# NodeDeploy merges with Xavvo



## drmike (Oct 14, 2013)

NodeDeploy, one of the low price companies offering out of the UK and part of the whole UK DDoS'ing victim list earlier this year, has been sold or merged.

The new owner is Xavvo.    That company is owned by our very own MartinD, a moderator here on vpsBoard.

The talk about NodeDeploy elsewhere recently wasn't extremely positive and the ownership seemed busy or in autopilot.   ND had been on my shortlist for closure or buyout and someone picked a fine time to rescue the company.

NodeDeploy will continue to exist as an operating company under Xavvo.


----------



## MannDude (Oct 14, 2013)

Martin runs a tight ship. I'm sure everything will be good under his ownership. The original fella from NodeDeploy is still on board too, which is great, because who knows the company better than him? I think Martin just took over the financial obligations and injected additional staff and resources to the brand to grow it.

I'm sure he can comment more on it, I've not talked to him about it. This is just what I've gathered from the LowEndTalk thread here: http://lowendtalk.com/discussion/14894/nodedeploy-sold-to-xavvo/


----------



## drmike (Oct 14, 2013)

I didn't even realize MartinD was a provider, derp derp derp....


----------



## MartinD (Oct 14, 2013)

I had been thinking about posting on here regarding this in case there was some massive outcry however, I'm really quite surprised at how well the news has been received... really happy, actually.

I said everything I need to say in the email that was sent out and my follow up post on LET though and I'm sure the folks that know me realise that it's all a good thing with nothing shady or dodgy going on.

It's all a bit exciting too for the people involved 

Edit: Just to be clear, by the way, it wasn't a merger, more of a take over.. or rather, bringing NodeDeploy in to the 'family' to help it grow.


----------



## ihatetonyy (Oct 14, 2013)

MartinD said:


> I had been thinking about posting on here regarding this in case there was some massive outcry however, I'm really quite surprised at how well the news has been received... really happy, actually.
> 
> I said everything I need to say in the email that was sent out and my follow up post on LET though and I'm sure the folks that know me realise that it's all a good thing with nothing shady or dodgy going on.
> 
> ...


Any plans to re-expand ND out to the US or anywhere else?


----------



## MartinD (Oct 14, 2013)

Immediate plans, nope. Long term plans, yep - US and UK again.


----------



## Alto (Oct 14, 2013)

Somewhere in the UK other than Kent would be nice...


----------



## concerto49 (Oct 14, 2013)

Are the ND staff joining too or leaving?


----------



## WelltodoInformalCattle (Oct 14, 2013)

Heard in the irc channel that Brad is staying from lbft.


----------



## Jack (Oct 15, 2013)

Alto said:


> Somewhere in the UK other than Kent would be nice...

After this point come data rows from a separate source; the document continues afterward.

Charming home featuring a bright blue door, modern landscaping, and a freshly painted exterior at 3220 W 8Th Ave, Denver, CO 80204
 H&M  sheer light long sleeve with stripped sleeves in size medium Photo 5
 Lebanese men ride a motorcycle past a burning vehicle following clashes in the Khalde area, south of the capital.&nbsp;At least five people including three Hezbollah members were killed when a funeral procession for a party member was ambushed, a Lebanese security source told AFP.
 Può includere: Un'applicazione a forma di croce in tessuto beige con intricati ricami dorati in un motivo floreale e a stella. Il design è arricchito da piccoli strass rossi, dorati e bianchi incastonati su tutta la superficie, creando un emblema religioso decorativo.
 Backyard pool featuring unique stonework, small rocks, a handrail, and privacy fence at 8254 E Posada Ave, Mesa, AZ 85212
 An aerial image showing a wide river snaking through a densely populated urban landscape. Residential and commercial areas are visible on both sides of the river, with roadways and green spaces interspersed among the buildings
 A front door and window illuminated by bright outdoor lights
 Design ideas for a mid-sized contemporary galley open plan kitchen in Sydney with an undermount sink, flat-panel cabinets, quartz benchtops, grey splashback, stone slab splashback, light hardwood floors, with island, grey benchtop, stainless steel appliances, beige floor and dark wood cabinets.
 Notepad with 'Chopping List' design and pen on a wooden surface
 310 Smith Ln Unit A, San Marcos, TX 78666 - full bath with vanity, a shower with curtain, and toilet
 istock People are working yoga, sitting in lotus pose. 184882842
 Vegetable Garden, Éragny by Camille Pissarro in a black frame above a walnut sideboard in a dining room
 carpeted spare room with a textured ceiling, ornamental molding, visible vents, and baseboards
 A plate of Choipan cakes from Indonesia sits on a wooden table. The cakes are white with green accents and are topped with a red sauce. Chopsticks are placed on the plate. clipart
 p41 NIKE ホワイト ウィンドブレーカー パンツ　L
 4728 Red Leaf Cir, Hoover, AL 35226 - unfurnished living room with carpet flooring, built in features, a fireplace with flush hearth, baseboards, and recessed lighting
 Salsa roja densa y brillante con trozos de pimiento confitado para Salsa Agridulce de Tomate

MiniVPS does Manchester and Maidenhead...


----------



## lbft (Oct 15, 2013)

WelltodoInformalCattle said:


> Heard in the irc channel that Brad is staying from lbft.


 I was merely regurgitating what Brad said on LET: "I'll still be around with ND and I'm not going anywhere."


----------



## MartinD (Oct 15, 2013)

Jack said:


> MiniVPS does Manchester and Maidenhead...


*sigh*

Manchester, Maidenhead, Glasgow, York and Edinburgh.


----------



## Lee (Oct 15, 2013)

MartinD said:


> *sigh*
> 
> Manchester, Maidenhead, Glasgow, York and Edinburgh.


Where do you advertise Glasgow, York and Edinburgh?


----------



## MartinD (Oct 15, 2013)

W1H-Lee said:


> Where do you advertise Glasgow, York and Edinburgh?


I don't - anywhere. I just don't like people chiming in with information when they haven't got a clue.

It's all high-end stuff in Glasgow and Edinburgh at the mo.. but hoping to get some public, lower-end Edinburgh/Glasgow stuff up soon


----------



## Lee (Oct 15, 2013)

Ok, cool.


----------



## zim (Oct 15, 2013)

grats on the acquisition martin


----------



## wlanboy (Oct 16, 2013)

MartinD said:


> I had been thinking about posting on here regarding this in case there was some massive outcry however, I'm really quite surprised at how well the news has been received... really happy, actually.


Quite easy:

If the buyer does have a higher or equal reputation than the target of the acquisition - everyone is happy.

So good luck!


----------



## MartinD (Oct 16, 2013)

zim said:


> grats on the acquisition martin


Thank you


----------



## FHN-Eric (Oct 30, 2013)

Congratulations on the buyout. I had a vps with NodeDeploy in the past, and the service was good. I have no doubt that you will be able to improve the quality of service, and make it even better.


----------